Additionally, interval/4, interval/3 and interval/5 may be used to generate numbers in a desired interval and can therefore serve as a source of nondeterminism in forall/2, foreach/2, findall/3 and friends, similar to between/3 but with the ability to omit, or repeat some values, or enumerate in descending order.
?- interval(1,10,I). I = 1 ; I = 2 ; I = 3 . ?- interval(1,10,2,I). I = 1 ; I = 3 ; I = 5 . ?- interval(1,10,2,2,I). I = 1 ; I = 1 ; I = 3 ; I = 3 ; I = 5 ; I = 5 . ?- interval(10,1,2,2,I). I = 10 ; I = 10 ; I = 8 ; I = 8 ; I = 6 ; I = 6 .
subterm/3 selects the arguments at the indices provided by a sequence of numbers, such as one generated by sequence/[5,6].
?- iterm(v,[a,b,c,d,e,f,g,h,i,j],T), subterm(T,v(3,4,5,6),Ss). T = v(a, b, c, d, e, f, g, h, i, j), Ss = v(c, d, e, f).

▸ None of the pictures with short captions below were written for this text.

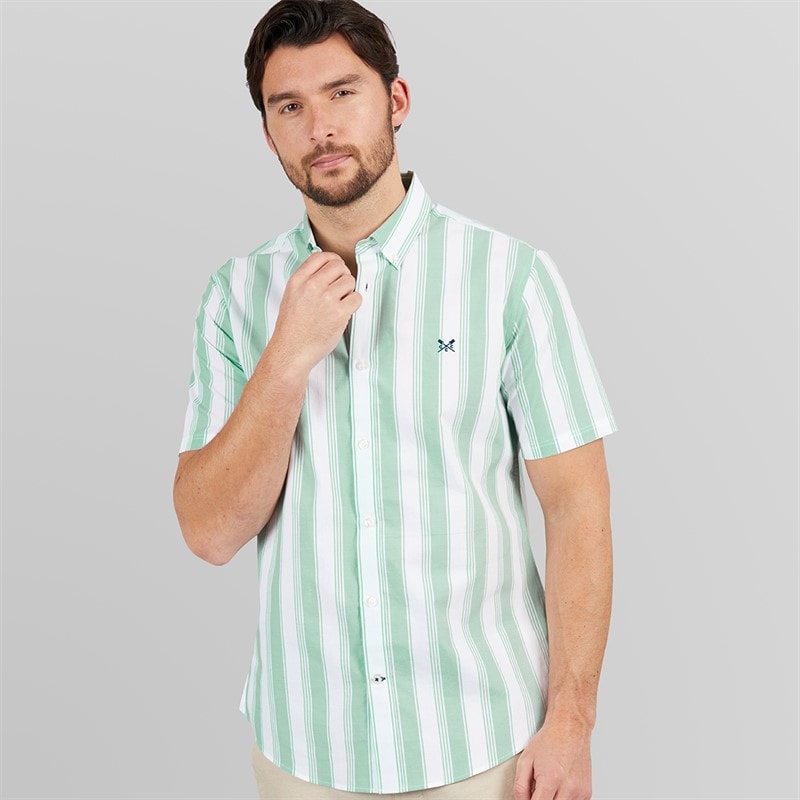 Crew Clothing Mens Short Sleeve Oxford Stripe Shirt Wasabi/White Wasabi / White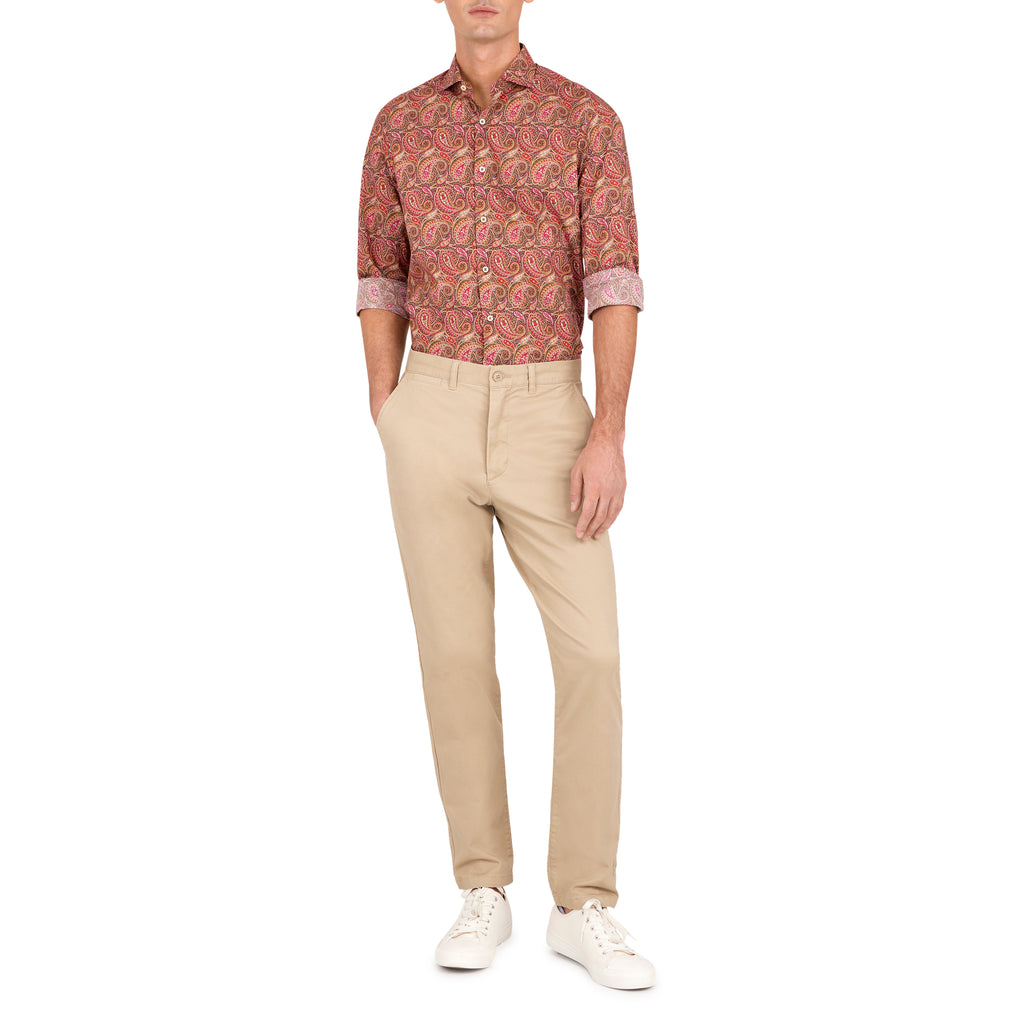 Men's Paisley Print long sleeve sport shirt 100% cotton with franco collar. Shop stylish high-quality mens sport shirts by Ike Behar.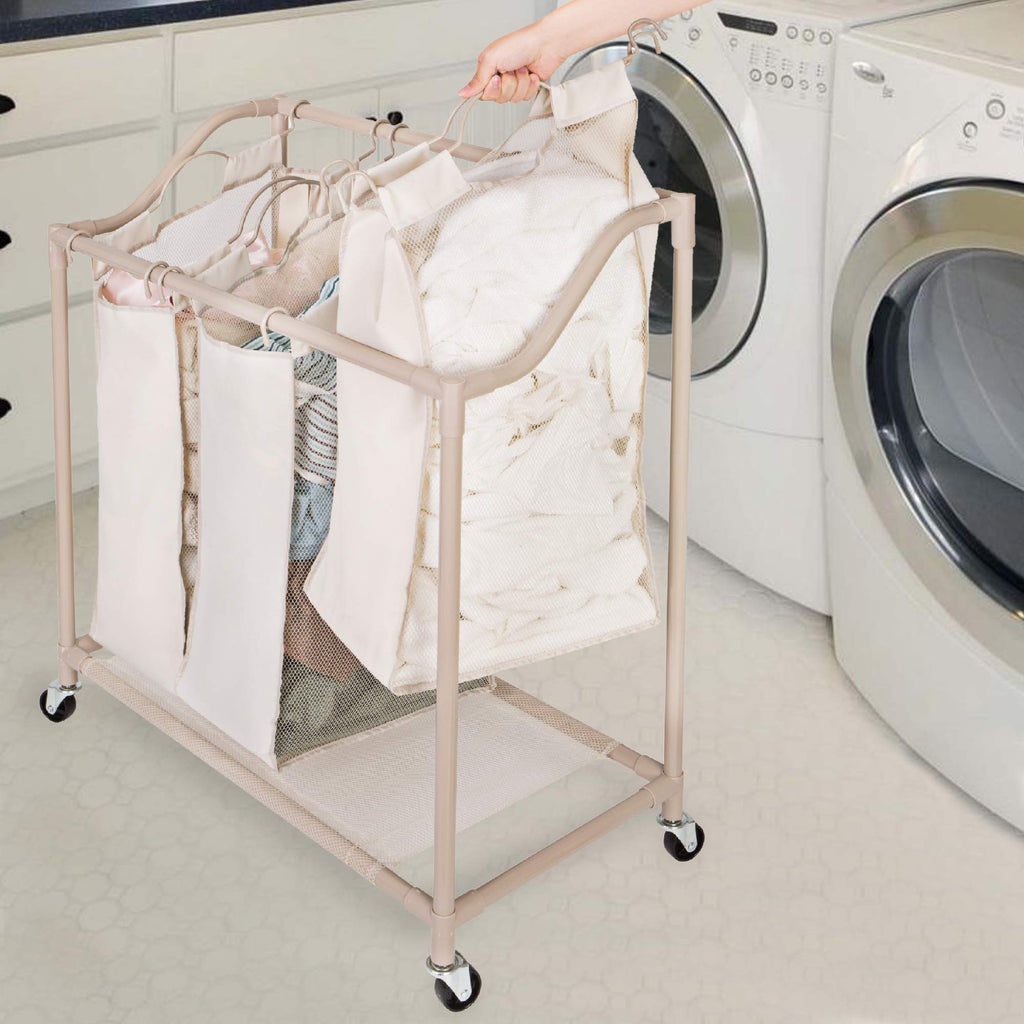 Deluxe Rolling Triple-Compartment Laundry Sorter Hamper with Wheels - 30 x 32 Inch - Beige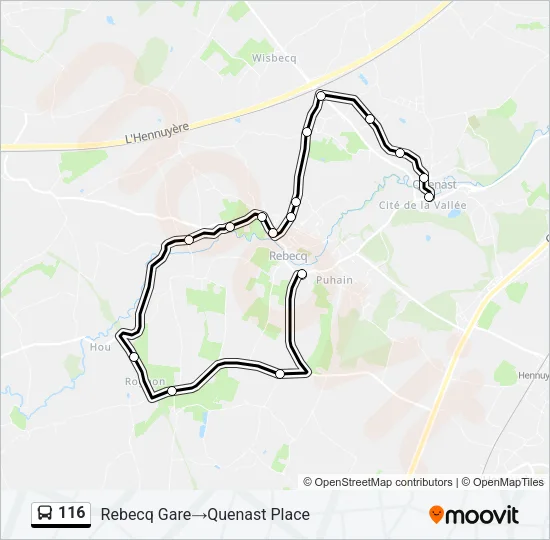 116 Bus Line Map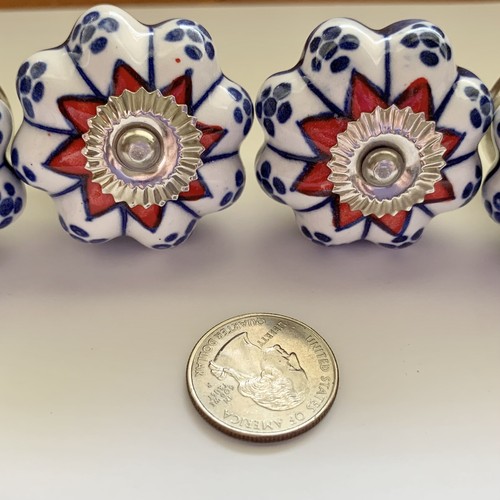 4 Porzellan Ziehen Knöpfe Blume blau rot weiß Hardware 1,5"" Land Farm - Bild 4 von 11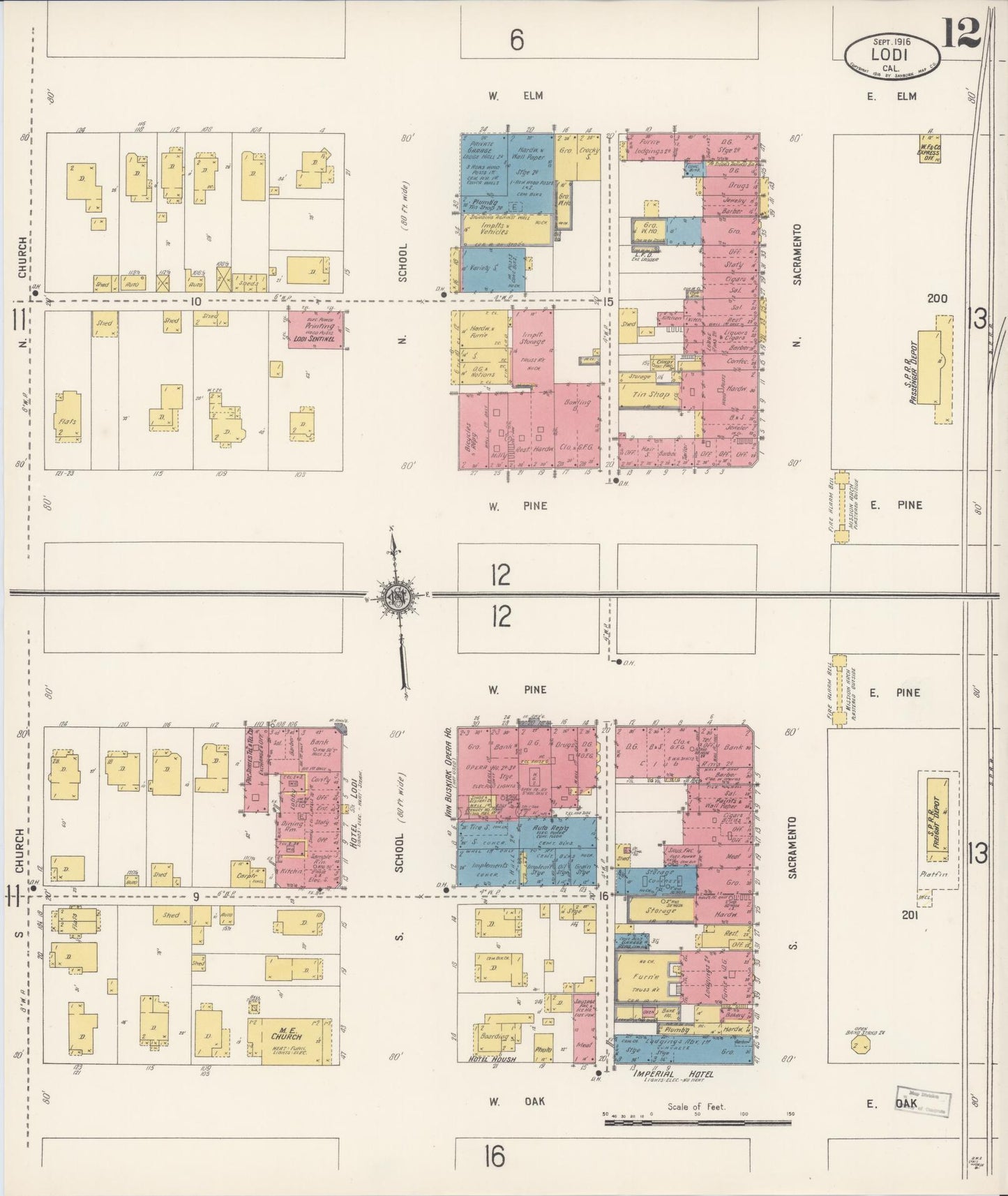 Sanborn Fire Insurance Map from Lodi, San Joaquin County, California (1916), Sheet #0012 - Historic Sanborn Fire Insurance Map Print, vintage old map wall art, antique decor, genealogy gift, California California map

slice/4 selects arguments between two indices. Indices may be positive or negative, allowing slicing from the start or end of an iterm.
?- sequence(s,1,10,1,S), slice(S,2,8,Ss). S = s(1, 2, 3, 4, 5, 6, 7, 8, 9, 10), Ss = s(2, 3, 4, 5, 6, 7, 8). ?- sequence(s,1,10,1,S), slice(S,-2,2,Ss). S = s(1, 2, 3, 4, 5, 6, 7, 8, 9, 10), Ss = s(9, 8, 7, 6, 5, 4, 3, 2).
Endpoints may also be given in descending order to obtain the selected arguments in reverse order. The following example showcases the use of descending-order endpoints to reverse an iterm:
?- slice(v(a,b,c,d,e),5,1,S). S = v(e, d, c, b, a).
dice/3 selects successive "chunks" (subsets of an iterm's arguments) of a given width. It always starts at the first argument and ends at the last, performing a linear scan over the arguments of an iterm.
?- iterm(v,[a,b,c,d,e],T), dice(T,2,Ss). T = v(a, b, c, d, e), Ss = [v(a, b), v(b, c), v(c, d), v(d, e)].
window/6 selects arguments between two endpoints, yielding chunks of a chosen width and while skipping any number of arguments. It generalises slice/4 and dice/3 and has a broad range of applications besides, that include such complex tasks as collecting n-grams or skip-grams from a string and more. Refer to the documentation on the predicate itself for more details.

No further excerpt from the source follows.